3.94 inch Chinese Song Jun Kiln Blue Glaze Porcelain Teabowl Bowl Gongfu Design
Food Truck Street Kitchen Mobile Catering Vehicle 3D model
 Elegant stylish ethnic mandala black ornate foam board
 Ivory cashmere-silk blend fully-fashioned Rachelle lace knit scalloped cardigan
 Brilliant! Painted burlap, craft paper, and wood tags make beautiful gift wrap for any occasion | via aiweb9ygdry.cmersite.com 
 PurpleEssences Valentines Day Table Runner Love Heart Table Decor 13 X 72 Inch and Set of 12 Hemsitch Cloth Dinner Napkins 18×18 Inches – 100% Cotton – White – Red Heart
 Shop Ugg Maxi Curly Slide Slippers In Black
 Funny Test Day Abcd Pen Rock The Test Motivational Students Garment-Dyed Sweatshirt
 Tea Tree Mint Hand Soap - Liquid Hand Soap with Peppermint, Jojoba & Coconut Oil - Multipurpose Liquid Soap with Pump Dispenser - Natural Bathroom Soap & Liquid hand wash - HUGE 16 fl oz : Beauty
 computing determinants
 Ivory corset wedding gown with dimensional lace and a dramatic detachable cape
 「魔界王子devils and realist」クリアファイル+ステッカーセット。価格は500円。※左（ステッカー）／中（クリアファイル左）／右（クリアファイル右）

★ ★ ★ ★ ★ ★ ★

**PROBLEM DETAILS**
Include both ends. Return the line holding "Ivory corset wedding" and all lines after it in the records above, exactly as written.

**WRITTEN SOLUTION**
 Ivory corset wedding gown with dimensional lace and a dramatic detachable cape
 「魔界王子devils and realist」クリアファイル+ステッカーセット。価格は500円。※左（ステッカー）／中（クリアファイル左）／右（クリアファイル右）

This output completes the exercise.